At present, temperatures and incidences of drought are rising due to climate change, coupled with a limited supply of water. To alleviate food insecurity, the old model, where enhancing yield depended on increasing irrigation, has to be replaced. Though prior research on the subject exists, scientists need to improve their understanding of how crop water use efficiency is controlled by plants to understand the effect of changing climate on plant physiology.

Scott Trimble

December 30, 2021 at 8:58 pm | Updated March 16, 2022 at 2:05 pm | 7 min read

What is Crop Water Use Efficiency?

Generally, water use efficiency can be defined in many ways: economical, conveyance, or field application. These approaches focus on the management aspects of a crop and are important in farms, as they deal with investment, engineering, and soil characteristics that influence water supply to crops.

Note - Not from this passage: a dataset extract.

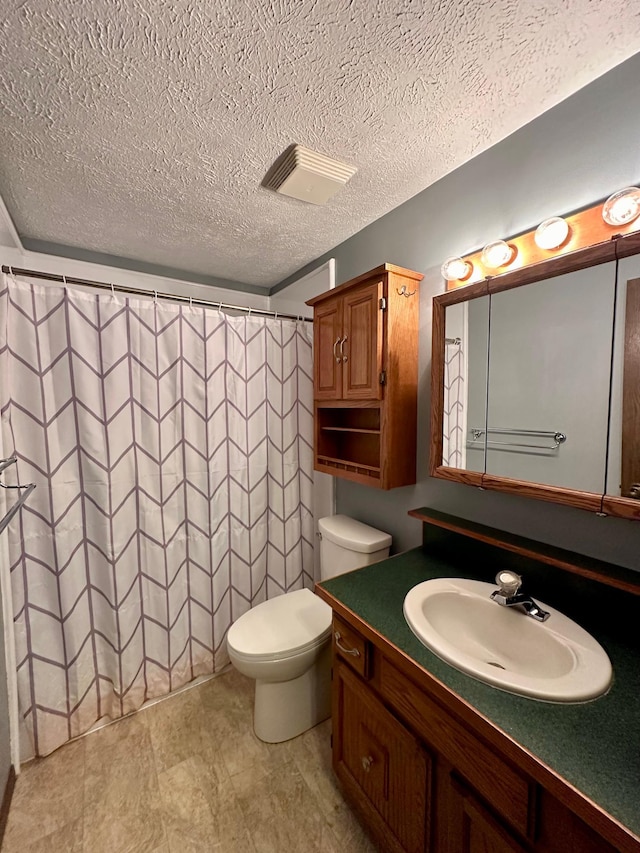 bathroom with vanity, toilet, a textured ceiling, and curtained shower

More specifically, crop water use efficiency refers to the response of crops to soil water availability.

Crop water use efficiency (WUE) is defined as the amount of carbon–as biomass or grain–that is produced per unit of water used by the crop. Crop water use efficiency can be measured at the leaf, plant, or canopy scale.

It is possible to increase WUE in a field without increasing water supply by altering the mechanisms that control WUE in plants. So, in tandem with engineering and management improvements to increase water use efficiency, scientists are hard at work enhancing plants’ ability to produce more under limited water supplies.

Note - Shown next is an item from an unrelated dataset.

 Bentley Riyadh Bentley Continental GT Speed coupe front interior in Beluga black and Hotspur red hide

What constitutes yield will differ among crops. It can be seeds, fruits, fiber, or the whole plant.

There is a marked difference between WUE among crop species:

  • Cereals produce 2.37 kg of grain per cubic meter (m−3) of water
  • Oilseeds produce 0.69 kg m−3 water
  • Fiber crops give 0.45 kg m−3 water
  • Legumes yield 0.42 kg m−3 water

The effect of external environmental factors like temperature, relative humidity, and soil water availability will affect plant physiology responses. Maize has the highest WUE in irrigated conditions, and sorghum has the best WUE under rain-fed conditions among the cereals.

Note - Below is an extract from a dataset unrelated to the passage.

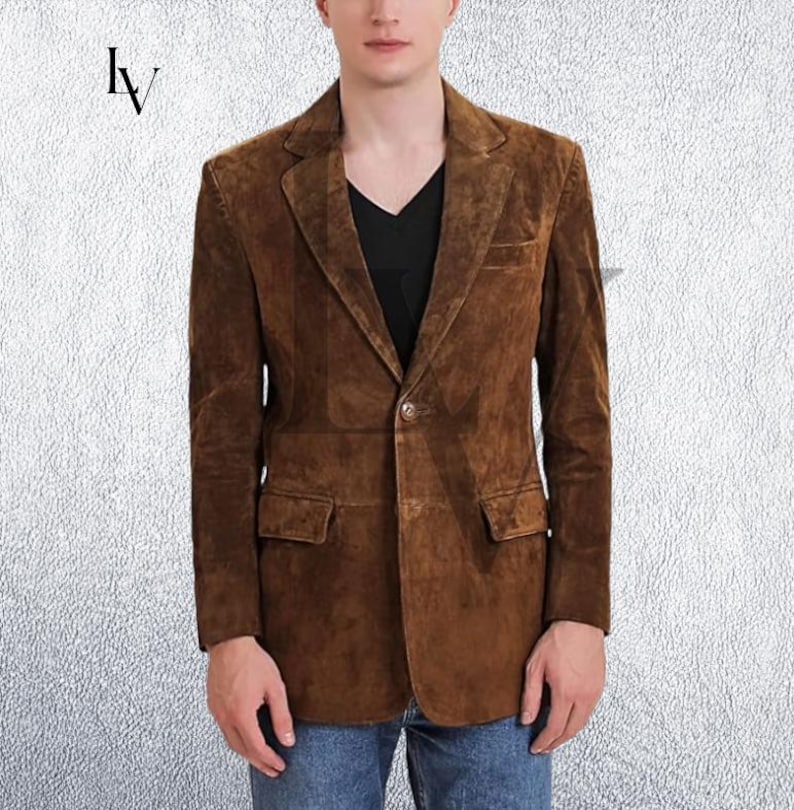 May include: A brown suede blazer with a notched lapel, two front pockets, and a single-button closure. The jacket is worn over a black V-neck shirt. The blazer is a classic style.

While developing and discovering new cultivars with improved WUE, the attributes scientists look for can vary.

Figure 1: Water use efficiency in plants measured by changes in yield against changes in transpiration or evapotranspiration, Hatfield and Dold, 2019. (Image credits: https://doi.org/10.3389/fpls.2019.00103)

Transpiration and Photosynthesis Influence Crop WUE

To improve crop WUE, water must be conserved and yield or dry matter production must be increased by reducing transpiration and increasing photosynthesis, respectively. All factors that influence these two processes will also affect WUE.

About 97-99% of the water absorbed by plants is lost due to transpiration, so water use can be defined by the rate of transpiration. Sometimes the rate of evapotranspiration, which is a combination of plant transpiration and evaporation from the soil, is also used to calculate WUE; see Figure 1.

Photosynthesis, on the other hand, is the assimilation of carbon dioxide to form photosynthates that are used to produce energy and all the other bio compounds necessary to build and maintain the structure of the plant and other plant organs. 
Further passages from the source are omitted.